If you’re not there yet, I’m here to tell you that it is totally okay! It may be more helpful to start off with trying to recognize how the emotion is impacting you. Do you have specific recurring thoughts about yourself or others? How is this emotion presenting in your body?
Remember, self-compassion begins to develop when we recognize we are suffering and comes in full as we intentionally nurture our inner life with self-care.
Accept the emotion. Allow yourself to feel it at this moment. This can be a very difficult step to not fight the discomfort off or push it away. As Tara Brach suggested, it can be helpful to remind yourself that emotions are like waves and you are the ocean: the waves may be strong but waves cannot drown the ocean. You are strong to hold this emotion.
What does this feel like in my body? Physiological sensations.
Do I have feelings about feelings? (i.e. experiencing anger makes me feel sad).
During this phase, be curious about your experience. It is important to attempt to understand what it is like from your experience to feel these emotions.
What is MY experience of this emotion? How does this emotion feel for me?
Is this my own emotions, or does this emotion belong to someone else?
What kinds of physical sensations accompany this emotion?
What thoughts do I have when I experience this emotion? Are they blaming thoughts, minimizing thoughts, catastrophizing or mean thoughts?
What do I feel like doing when I have this emotion? Do I want to hide, attack, become closed off when I feel this way?
Nurture yourself, and your pain, with a loving or compassionate presence.
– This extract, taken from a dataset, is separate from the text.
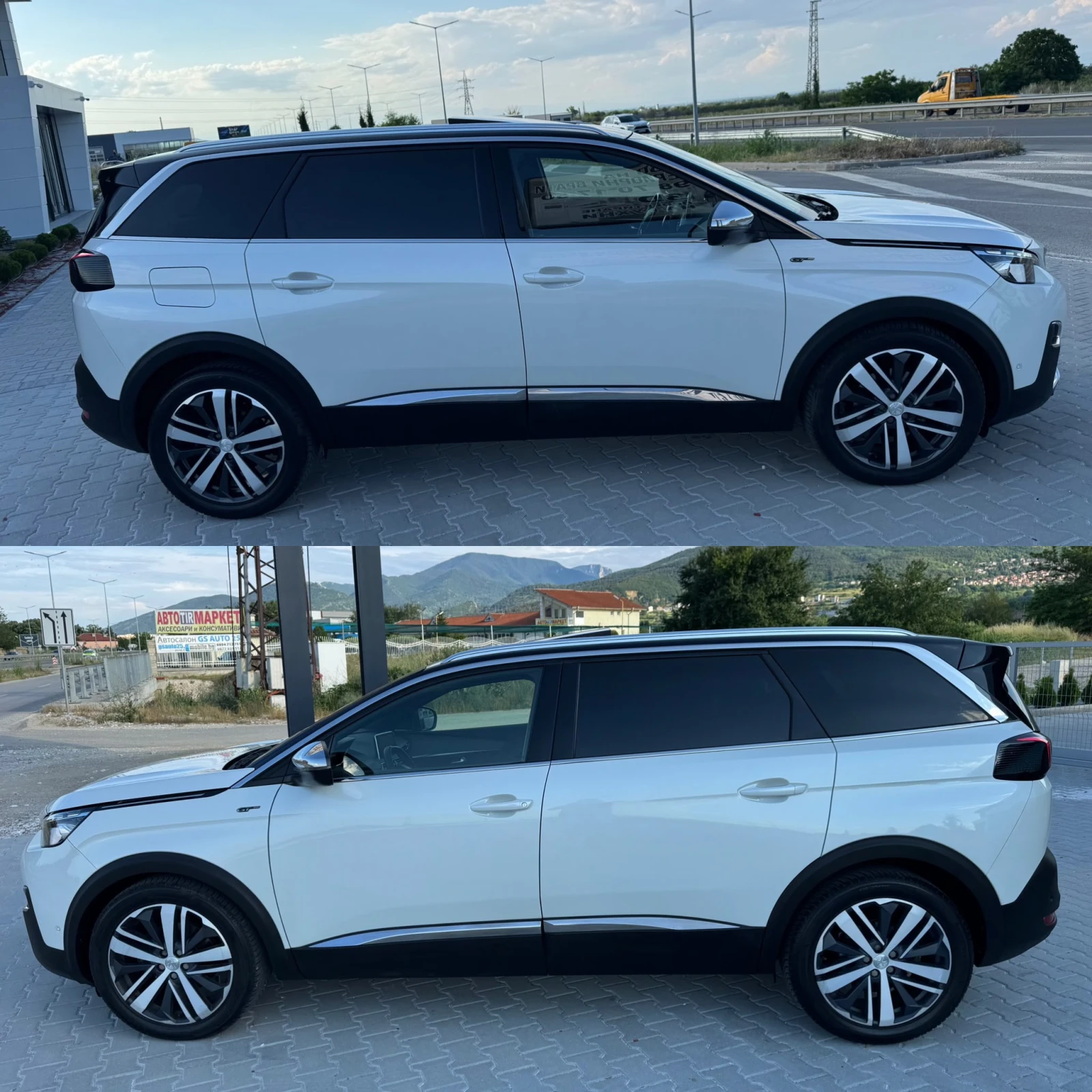 Peugeot 5008 2.0HDI GT LINE :: МАСАЖ :: 7МЕСТНА, снимка 6 - Автомобили и джипове - 54834029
For the “nurture” part of R.A.I.N, we must first finish all of the previous steps. In doing this, we have made sense of our hurt and heartache and thus, start to discover what needs are not being met. You can start by self-validating by explaining how much sense it makes to feel this way, then call upon your deepest sense of compassion and apply it to yourself. Remember in this Nurture phase you should speak to yourself the way you would speak to someone that you love. In this moment, be your own best friend.
Tara Brach recommends to ask yourself the following questions:
Does this unmet need want a message of something specific? This can include reassurance, forgiveness, companionship, or love.
What am I longing for right now? What do I need right now? and how can I take care of myself in this moment?
If you’re unsure, that is okay. You can understand what you need by experimenting with which intentional gesture of kindness is most comforting to you. Tara Brach suggested whispering or saying to yourself “I’m here with you” or “I’m sorry, and I love you”, “I love you, I’m listening and I am always here for you” or “I am sorry this happened, It’s not your fault” can help you discover which message you need to hear and what need desires like to be met.
Tara Brach is a big advocate for using a physical gesture. For example, putting your hand over your heart helps emphasize the nurture phase. Other physical gestures include hugging oneself, or envisioning being embraced by a warm radiant light, or loving being such as a spiritual figure, family member, or pet. Imagine that being’s love flowing to you.